··· The input

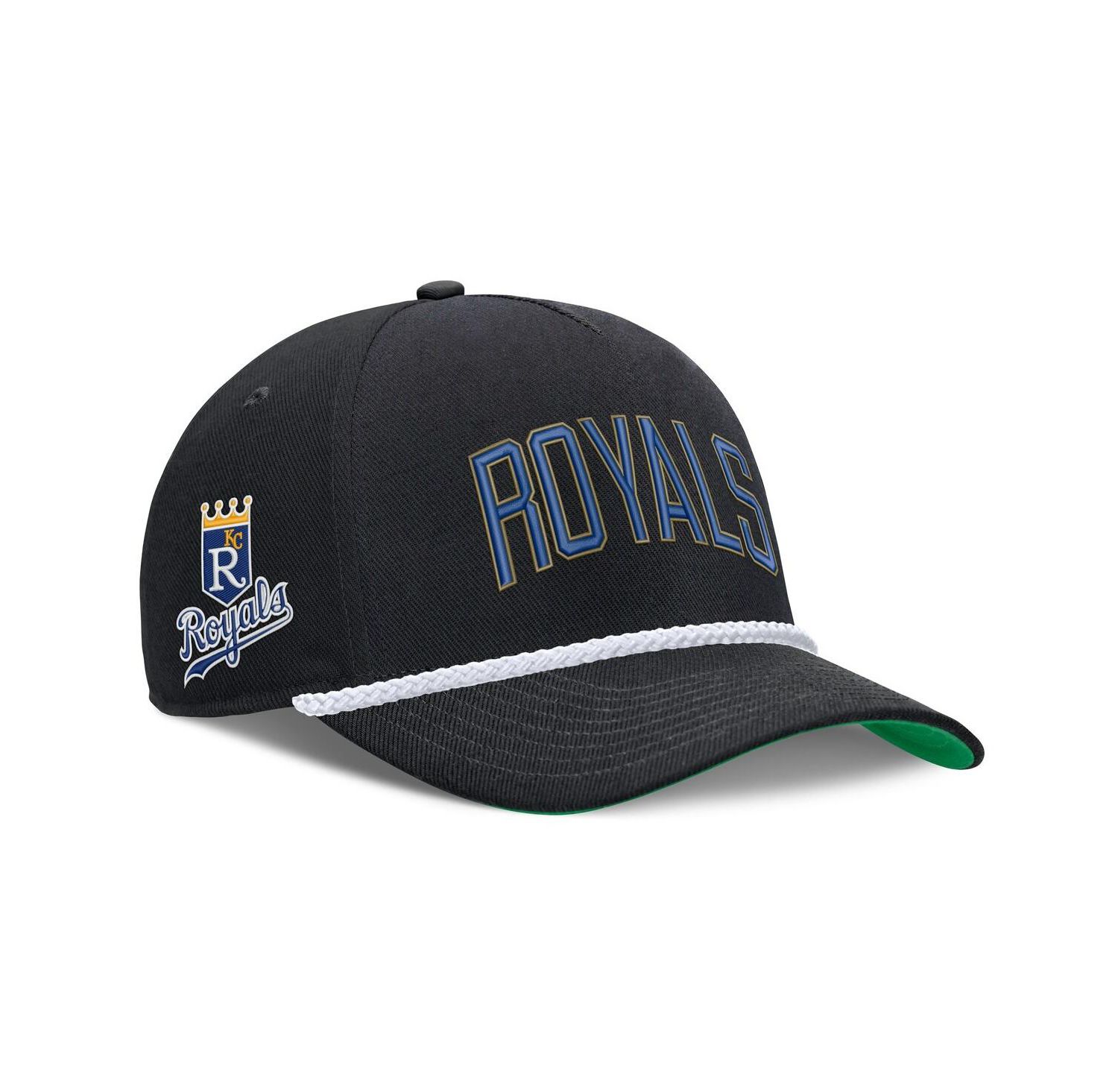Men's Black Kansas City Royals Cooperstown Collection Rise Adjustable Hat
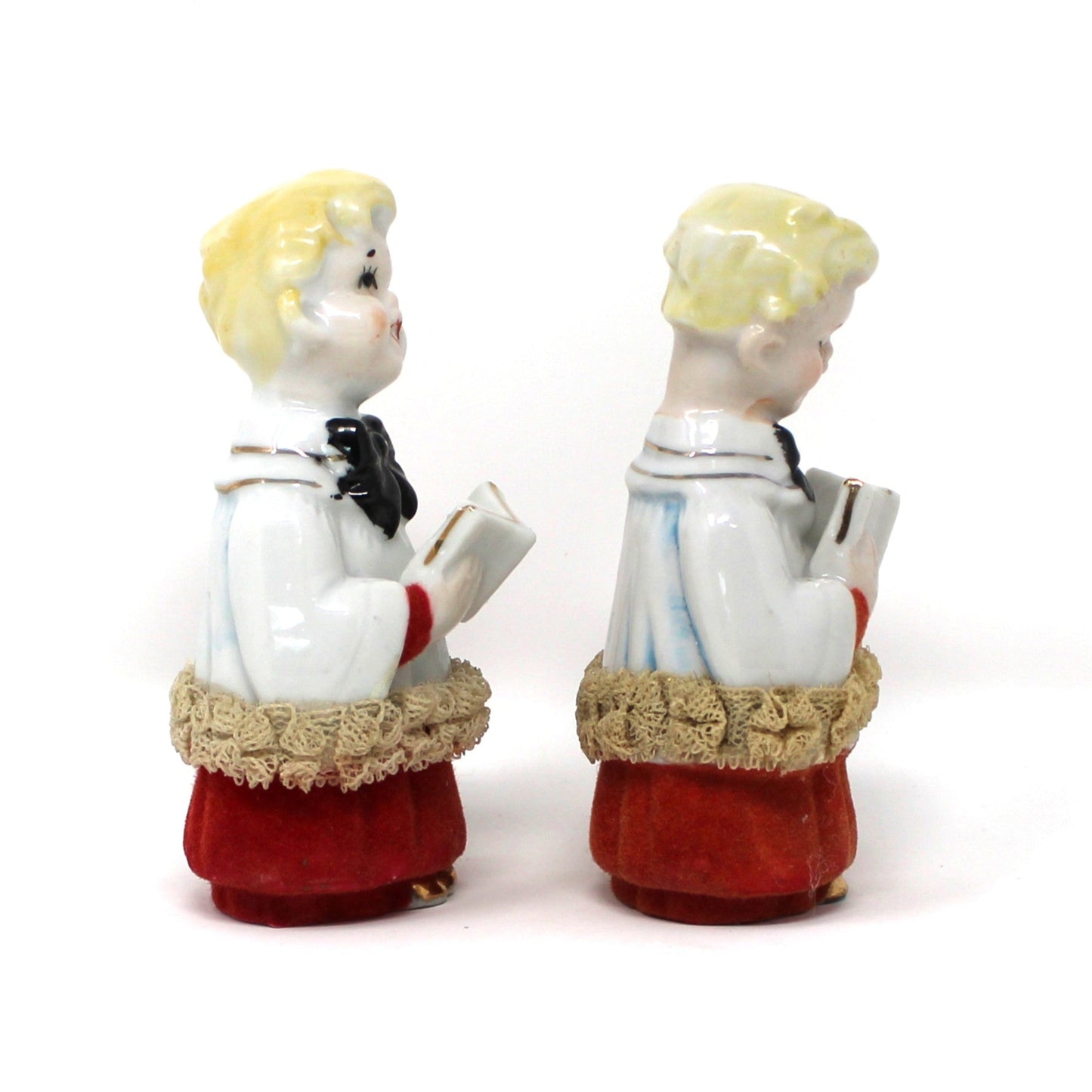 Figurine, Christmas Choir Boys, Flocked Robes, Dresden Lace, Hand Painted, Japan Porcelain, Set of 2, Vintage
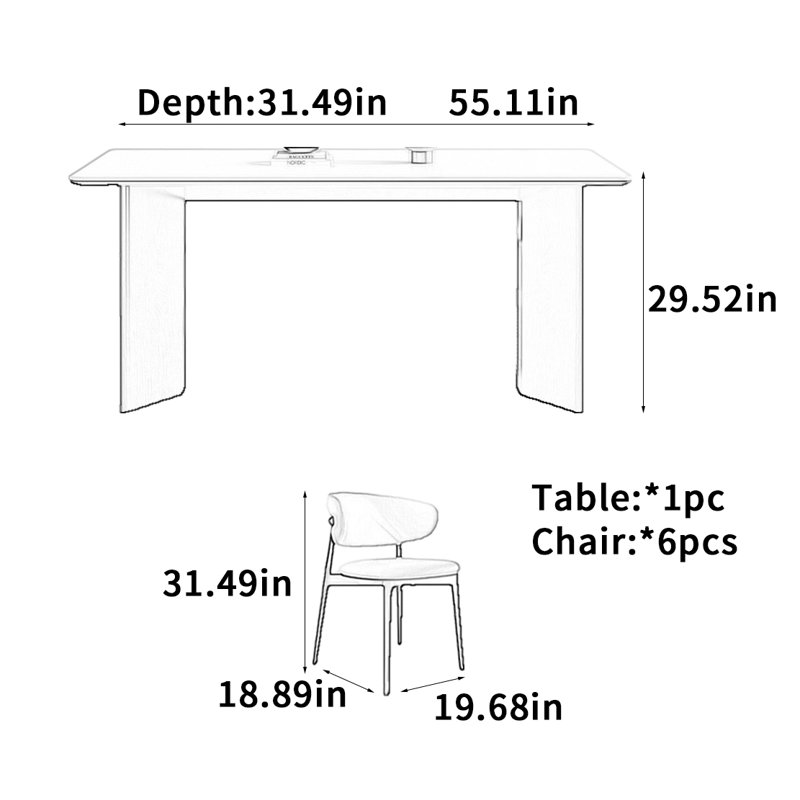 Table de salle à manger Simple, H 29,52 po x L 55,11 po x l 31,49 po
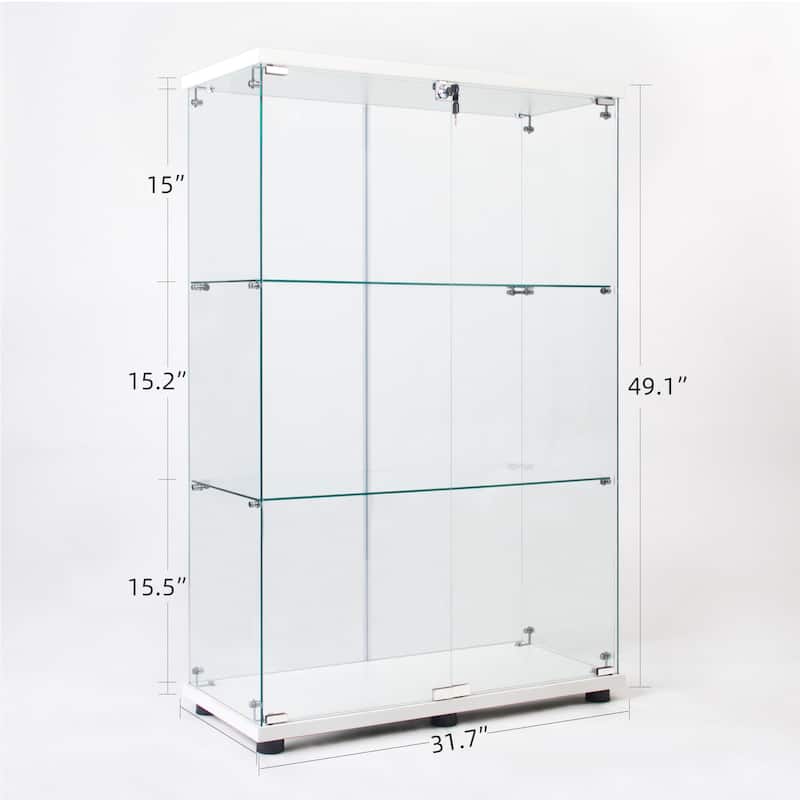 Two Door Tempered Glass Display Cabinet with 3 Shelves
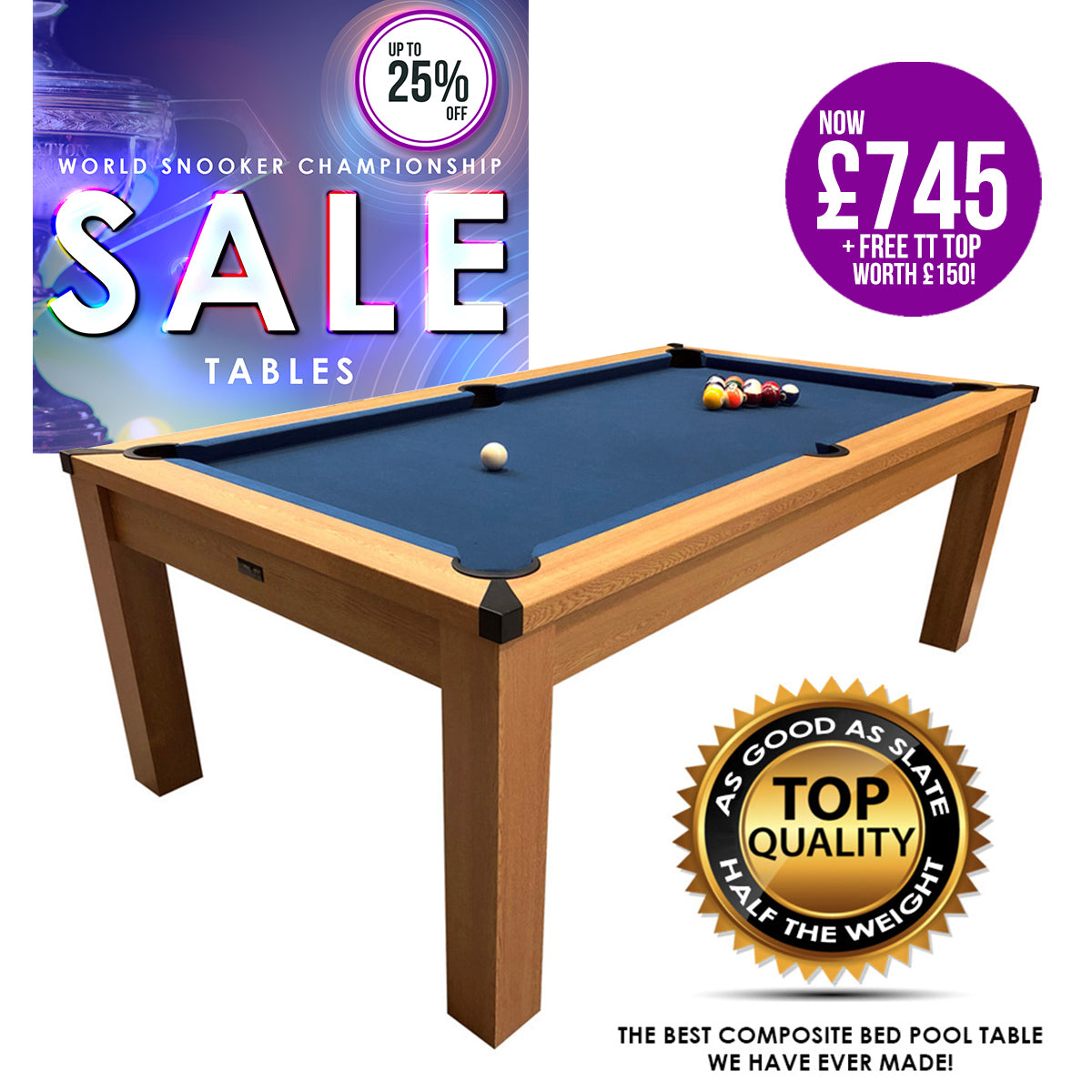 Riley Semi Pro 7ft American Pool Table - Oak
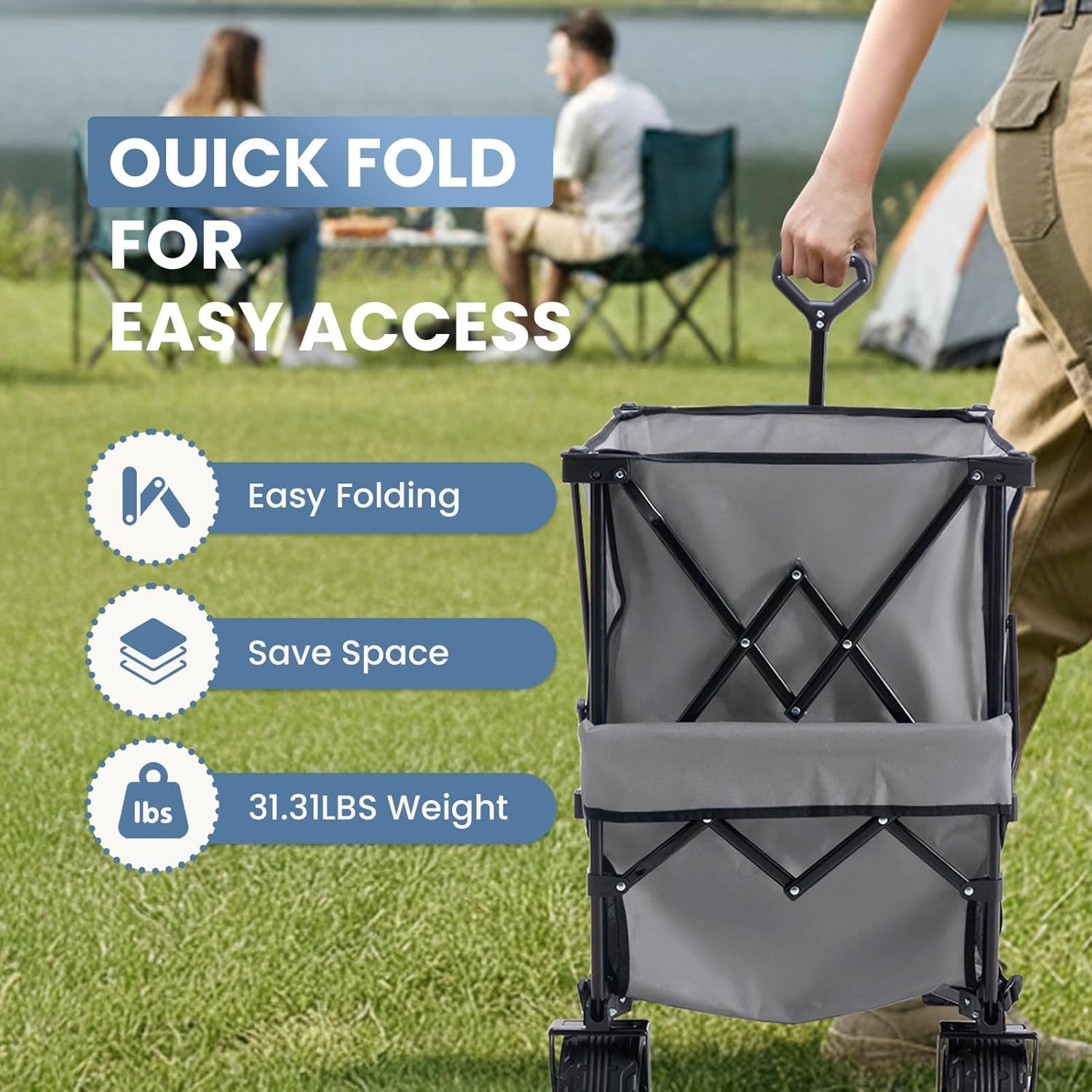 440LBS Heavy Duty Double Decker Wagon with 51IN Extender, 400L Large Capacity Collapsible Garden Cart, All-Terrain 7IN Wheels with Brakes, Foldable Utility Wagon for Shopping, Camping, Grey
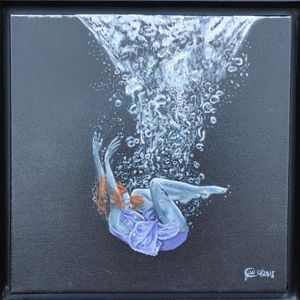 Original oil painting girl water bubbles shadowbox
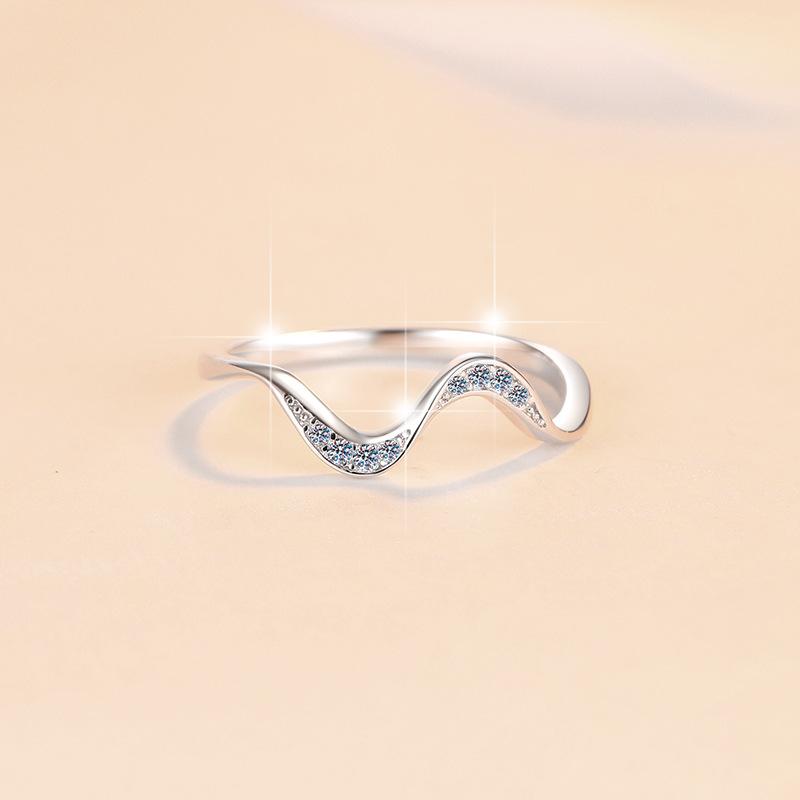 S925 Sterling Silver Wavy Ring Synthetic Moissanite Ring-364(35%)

······

▶ **Exercise requirements**
Every line above is to be repeated exactly, but no picture is to appear in the copy.

▶ **Task response**
Men's Black Kansas City Royals Cooperstown Collection Rise Adjustable Hat
 Figurine, Christmas Choir Boys, Flocked Robes, Dresden Lace, Hand Painted, Japan Porcelain, Set of 2, Vintage
 Table de salle à manger Simple, H 29,52 po x L 55,11 po x l 31,49 po
 Two Door Tempered Glass Display Cabinet with 3 Shelves
 Riley Semi Pro 7ft American Pool Table - Oak
 440LBS Heavy Duty Double Decker Wagon with 51IN Extender, 400L Large Capacity Collapsible Garden Cart, All-Terrain 7IN Wheels with Brakes, Foldable Utility Wagon for Shopping, Camping, Grey
 Original oil painting girl water bubbles shadowbox
 S925 Sterling Silver Wavy Ring Synthetic Moissanite Ring-364(35%)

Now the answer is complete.